Zum Kapitalismus gehört das Auf und Ab von Konjunktur und Krise mit Einbrüchen von bis zu 80 (!!) Prozent – etwa bei der LKW-Produktion in der Krise 2009. Zu diesem Wirtschaftssystem gehört die ständige Umwälzung der Arbeitsabläufe und Arbeitsplätze im Unternehmen. Ständig entstehen neue Arbeitsplätze, andere fallen weg. Die Definition von Dauerarbeitsplätzen ist also schwierig – vom Öffentlichen Dienst einmal abgesehen. 

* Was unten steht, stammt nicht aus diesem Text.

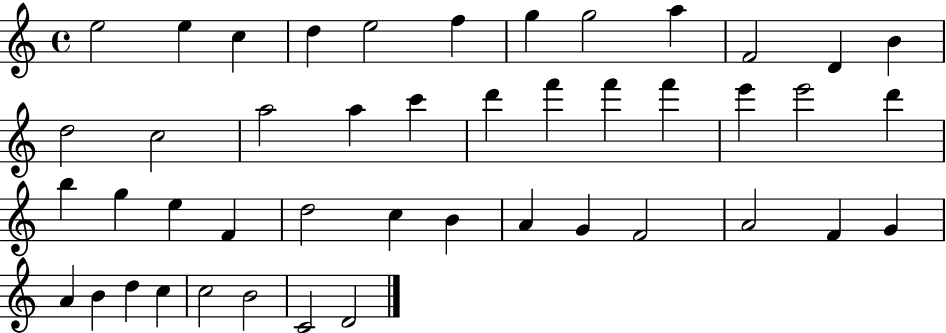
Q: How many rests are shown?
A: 0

Juristische Klärung ersetzt nicht die betriebliche Mobilisierung gegen Leiharbeit

Für die betriebliche Auseinandersetzung um den Einsatz von Leiharbeitnehmern ist die Klärung der Frage „Ist das ein Dauerarbeitsplatz oder nicht?“ marginal. Sie sorgt allenfalls für Sand im Getriebe. Zumal der Arbeitgeber sich darauf berufen kann, dass mit der 18-Monate-Frist im Tarifvertrag und mit der 24-Monate-Frist bei Schaeffler Anhaltspunkte für Dauerarbeitsplätze definiert sind.

Sowohl Stammbelegschaft als auch Leiharbeitnehmer haben dagegen ein elementares Interesse daran,

  • dass der Anteil der Leiharbeitnehmer an der Gesamtbelegschaft auf wenige Prozent begrenzt bleibt und dass sich schon allein damit die Frage „Dauerarbeitsplatz oder nicht?“ weitgehend erledigt;
  • dass möglichst viele Leiharbeitnehmer regelmäßig auf unbefristete Arbeitsplätze übernommen werden;
  • dass die Leiharbeitnehmer die gleiche Bezahlung bekommen.

Das lohnt den Einsatz und die Konzentration der Betriebsräte und der gewerkschaflichen Vertrauensleute im Betrieb.

Dagegen ist die Klärung der Frage „Was ist ein Dauerarbeitsplatz?“ ein Programm zur Arbeitsbeschaffung für Juristen. Auch einschlägige richterliche Entscheidungen ersetzen nicht die betriebliche Mobilisierung zur Eindämmung der Leiharbeit.